The remaining question is whether the State of Indore had effectively transferred the property in the debt from Shankarrao to itself before the Bombay Court on 15-05-1924, purported to interfere with the disposition of the debt. The events which have already been narrated make it clear that before that date the Indore Government had taken every effective step to give themselves the dominium in the debt. They considered that Shankarrao was their debtor: they intended to apply his property in satisfaction of his debt: they made inquiry into debts due to him: they directed Oomkarmal to pay to them the debt which he owed to Shankarrao: Oomkarmal submitted to the order: he accepted the Government's authority to close a transaction open on Shankarrao's account, and he eventually, after asking for time to pay, completely attorned to the Government at their direction by entering them on his books as his creditors in place of Shankarrao. Short of payment, which is not transfer of a debt but discharge, it is difficult to discern what more effective steps would be taken by a Government to ensure the complete seizure of a debt. Their Lordships have not adverted to the occurrences in Indore after 15th May which show that Oomkarmal was given time to pay the debt to the Government on lodging with them security over his immovable property and over certain debentures: and that the Government later made formal orders confirming the acts done before May.
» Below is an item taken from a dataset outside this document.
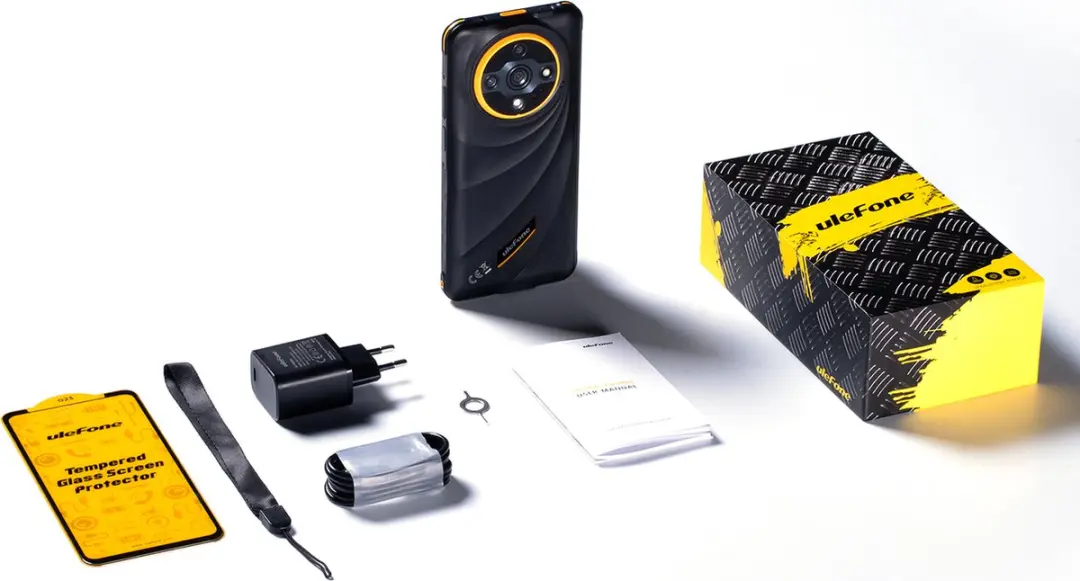 Ulefone Armor X31 Pro Smartphone - 256GB - Oranje - afbeelding 5 van 6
They appear to support the case of the defendant: but as they occurred after the time when the Bombay Court intervened, it is simpler to ignore them.
It seems to have been the opinion of Kemp, J., that the Bombay Court was bound to inquire into the validity of the acts of the Government of Indore: that in the absence of evidence to the contrary the law of Indore must be taken to be the law of British India, and as the Indian Government could not by executive act confiscate the property of a resident, the Indore Government must be held to be equally incapacitated. This seems to ignore the evidence of the Prime Minister of the State that the order of His Highness to confiscate the property of Shankarrao was an act of State and in perfect conformity with the laws of the State. But whether this be so or not their Lordships find themselves in complete agreement with the appellate Court in accepting the law laid down in the two Russian cases in the Court of appeal in the Sagor case (1)and Princess Paley Olga v. Weitz (2)and pithily stated by Lord Russell in the latter case
"this Court will not inquire into the legality of acts done by a foreign Government against its own subjects in respect of property situate in its own territory."
The proposition is well established as a rule governing the decisions of a domestic Court in relation to the acts of a foreign Government: and a departure from it is calculated to cause confusion. This is not the case of an action against an individual for a wrongful act done to the plaintiff. In such a case it may be that if the defendant seeks to justify under an order of a foreign State, the Courts may inquire into the scope of the authority: their Lordships express no opinion upon such a topic. The present case is one of property seized and taken into possession by the Government of the foreign territory in which it is situate. In such a case the Court will not examine whether the Government acted validly or not within its own domestic laws. For these reasons their Lordships are of opinion that this appeal should be dismissed, and they will humbly advise His Majesty accordingly. The appellants must pay the costs of the appeal.